The Swiss National Bank also came under pressure this week. Campaigners from Minneapolis urged the SNB to sell its $1.1 billion PLTR stake, citing Palantir’s role in the U.S. immigration crackdown. SNB chairman Martin Schlegel defended the bank’s investment strategy, saying the foreign-currency portfolio exists to support monetary policy.
Despite the noise, several analysts are staying bullish.
Rosenblatt analyst John McPeake reiterated a Buy rating and kept his $200 price target on Friday. He argued that Palantir is one of the few software companies seeing real, AI-driven revenue growth rather than simply selling AI add-ons.

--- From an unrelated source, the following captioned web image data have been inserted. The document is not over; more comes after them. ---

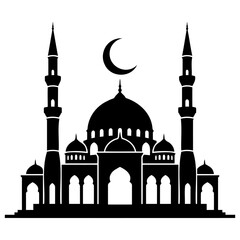 Mosque silhouette with crescent moon © Saiful
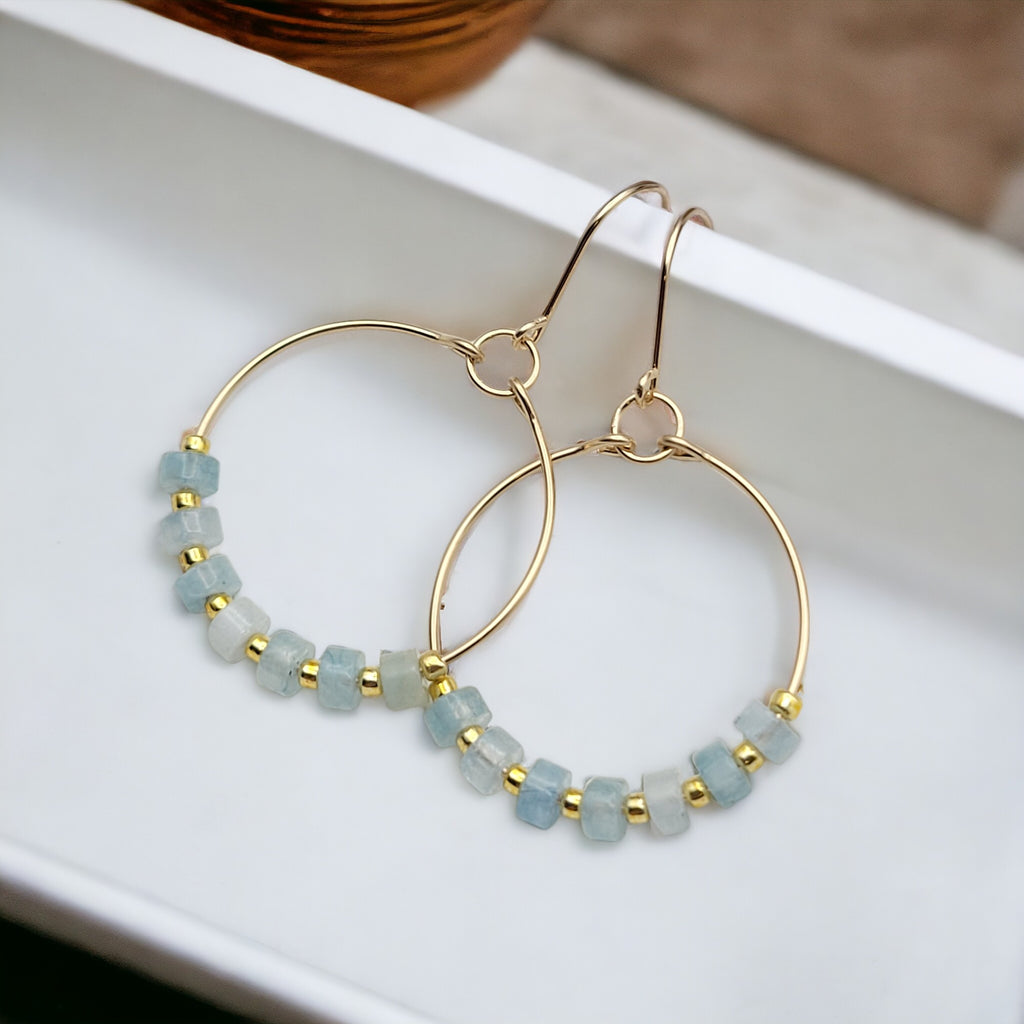 Boho - Gold & Aquamarine Earrings Bijou by SAM   
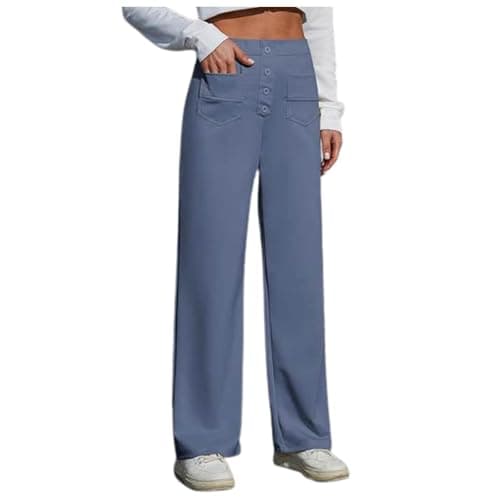 Image of Wide Leg Trousers for Women UK Tailored Office Work Stretch Yoga Pants Ladies Elasticated High Waisted Button Multiple Pockets Pull On Straight Leg Jogger Bottoms Casual Leisure Trousers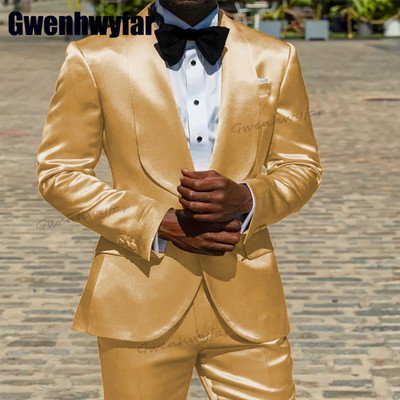 Gwenhwyfar 2023 divatos szatén férfi öltöny Slim Fit férfi ruházat kendő hajtóka jelmez Homme esküvői vőlegény szmoking férfiaknak színpadi öltöny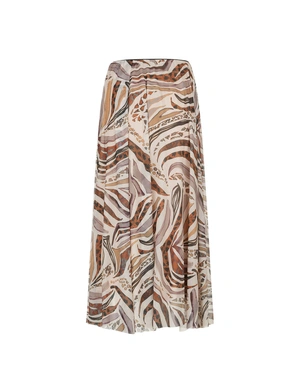 Midi skirt with abstract print in earthy tones | COLLECTION - 8
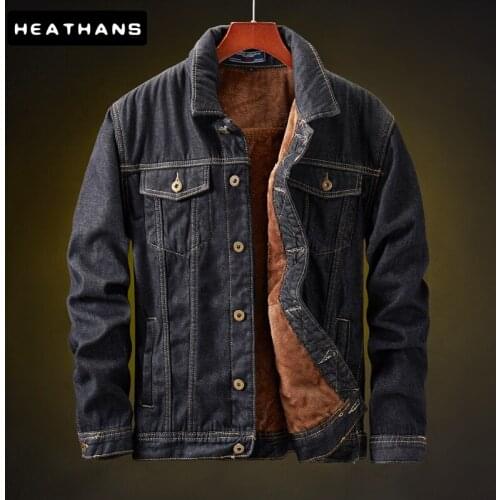 Winter Men Jean Jackets Thicken Cowboy Windbreaker Coats Fleece Denim Jacket Fashion Mens Vintage Men Coat Plus Large Size M-8XL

Over the past four quarters, Palantir posted year-over-year revenue growth of 70%, 63%, 48%, and 39%. Wall Street now expects Q1 2026 revenue to rise 74% to $1.54 billion, with EPS of $0.28 — up 115% year-over-year.
McPeake expects the momentum from Q4 to carry into the first half of 2026, and he sees government revenue growing 58% this year and 53% next year — ahead of the analyst consensus of 45% in 2026 and 32% in 2027.

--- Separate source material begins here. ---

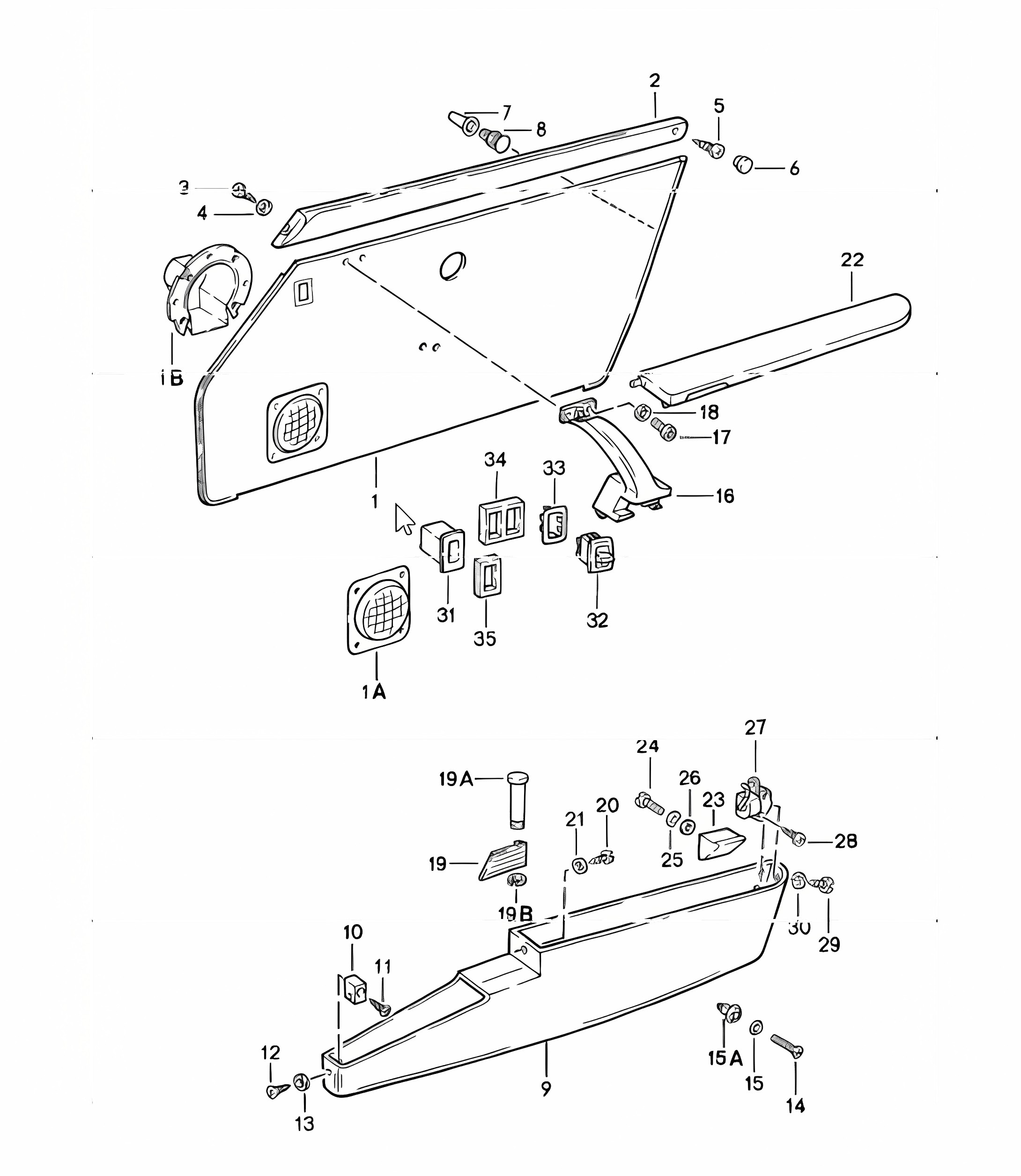 interior equipment doors 911 1984-86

On Wednesday, Palantir announced a $300 million purchase agreement with the U.S. Department of Agriculture to support the National Farm Security Action Plan.

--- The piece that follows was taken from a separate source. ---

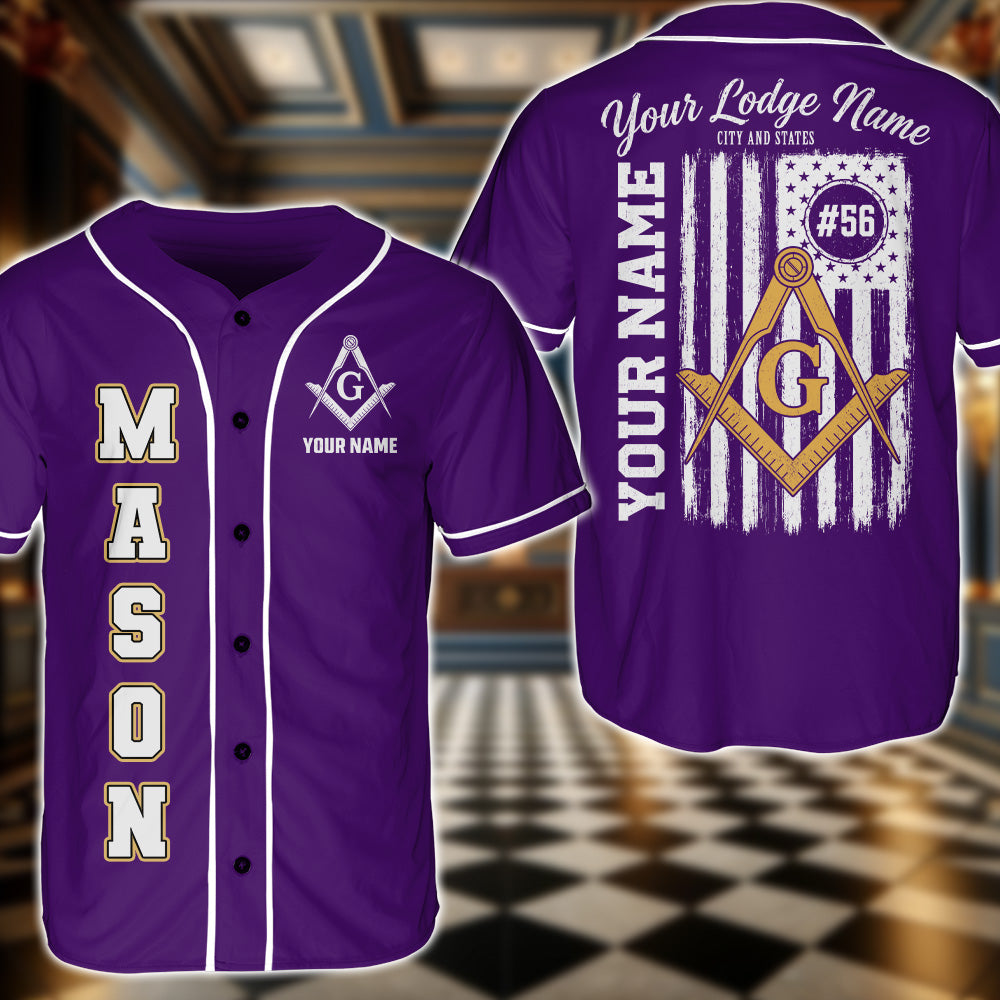 Custom Masonic American Flag Base Ball Jersey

William Blair analyst Louie DiPalma reiterated a Buy rating, pointing to the Department of Defense’s budget request, which includes a $2.3 billion funding line for Palantir’s Maven Smart System.
DiPalma said that figure provides multiyear visibility relative to his estimated $500 million-plus revenue run-rate for that program. He added that while PLTR looks expensive on a sales multiple, it looks “reasonable” when valued on free cash flow.
D.A. Davidson’s Gil Luria kept a Hold rating — not out of concern about the business, but purely on valuation. He said a recent webinar with a Palantir partner actually increased his confidence in the company’s competitive position, noting that demand for PLTR’s platform has grown since the start of the “AI craze.”
Wall Street’s overall consensus heading into May 4 earnings: Moderate Buy, with an average price target of $194.06 — implying about 36% upside from current levels.